# Legal advice



## NatGamble (Mar 1, 2007)

I'm a solicitor with specialist expertise in advising clients on fertility law issues (mainly gay and lesbian couples to date, though similar issues affect anyone conceiving with donated gametes), so if any of you have questions about legal stuff, please feel free to ask.

Alternatively, if you'd like to come and see me for a consultation, my email address is below - do feel free to get in touch.

I can also help with wills, trusts, inheritance tax and capital gains tax planning and some areas of family law advice.  I have two donor-conceived children myself, and I work for Lester Aldridge, a top regional law firm which offers a full range of legal services.  We are a non-stuffy modern approachable firm (which has twice been listed in the Sunday Times Best 100 Companies to work for) so please do let me know if there's anything I can do to help.

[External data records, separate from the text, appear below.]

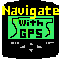 NavigateGPS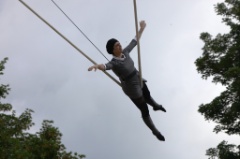 Oh Secours 188 * 5616 x 3744 * (6.5MB)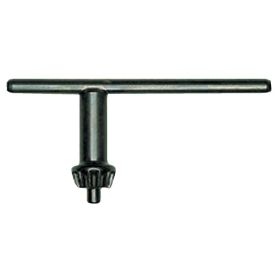 metabo-kljuC-za-steznu-glavu-10mm-9333_1920x1920
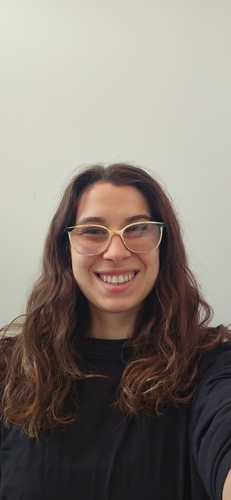 Kendyll G - SUNY Plattsburgh Babysitter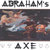 Abraham's Axe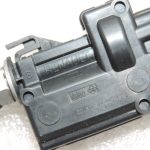 Oriģinālais Renault Espace 5 degvielas uzpildes vāka vāciņš ar kronšteinu788264742R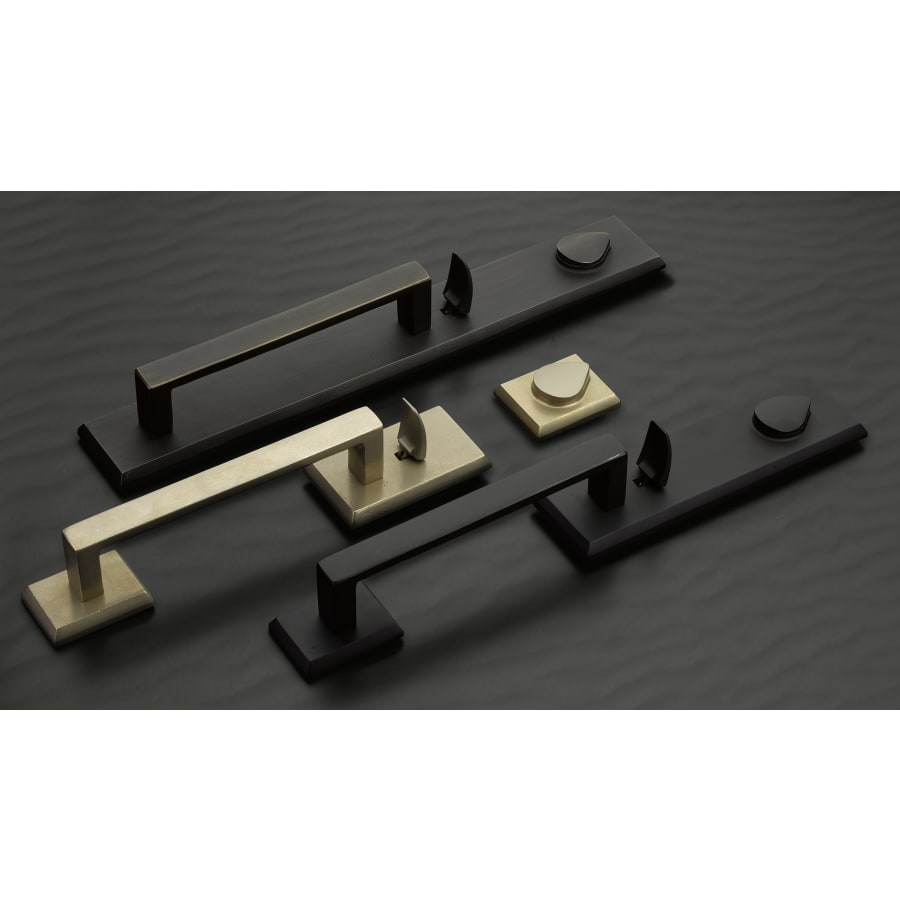 emtek-450623-rustic-modern-collection-40 emtek-450623-rustic-modern-collection-40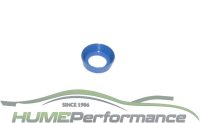 Accelerator Pump Cup suit Rochester 601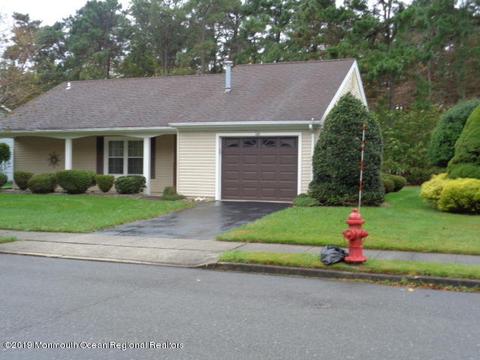 2013 Brookdale Dr, Forked River, NJ 08731 photo 2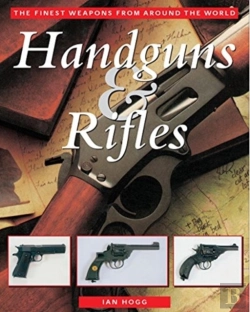 Bertrand.pt - Handguns & Rifles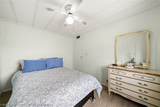 1548 St Thomas Avenue - Photo 25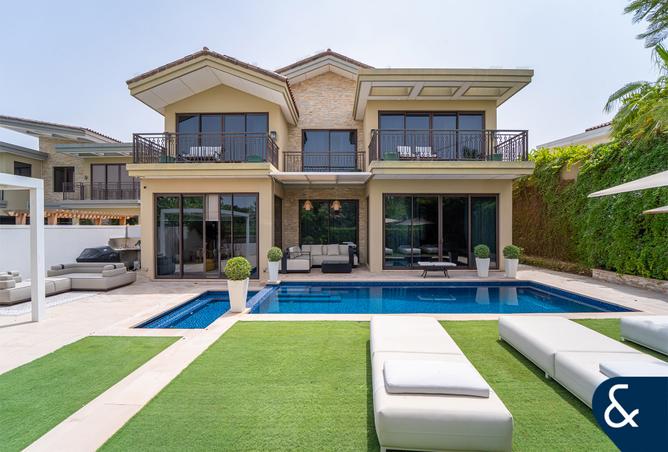15149000 - Property Main Image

Look forward to being part of your community!

Natalie
[email protected]


----------



## Anthony Reid (Jan 1, 2002)

Hi Natalie,

I sent you an email yesterday - did you get it?

Tony


----------



## NatGamble (Mar 1, 2007)

Hi Tony

I did - and I've emailed you direct.

Natalie


----------



## ♥JJ1♥ (Feb 11, 2006)

Hi Natalie

I have a few questions that I hope that you can help me with- I am a single woman and  using known donor sperm  (a gay friend) for my IVF/ICSI- I don't expect anything from him or his partner in terms of financial support etc they will be uncle figures but known as the child's father.

can I put my donor's name on a birth cert if conceived throuhg a clinic?

Would my child's father have any automatic parental responsibilty/rights over the child- without going to court or pplying for adoption etc?

I have heard that donor agreements are not legally binding and more of a mutual understanding and expectation- is this true?

Would my child be able to call the father as next of kin? 

My donor and his partner have not had a civil partnership yet (had a ceremony pre law changes) what this mean that my donor's partner would be disadvantaged if anything happened to my donor- they haven't got a will sorted out.


Where are you based, I'm in central London as I may need some legal advice re: capital gains tax, and IH tax- just sorting out my late father's estate.

Many thanks for your help.

L xx


----------



## mickle (Jun 5, 2006)

That is really kind off you, will definitely bear you in mind. Thank you.

Mickle


----------



## Anthony Reid (Jan 1, 2002)

Hi JJ1,

Natalie will be back next week to answer charter questions in a new section -  'Ask a Lawyer'.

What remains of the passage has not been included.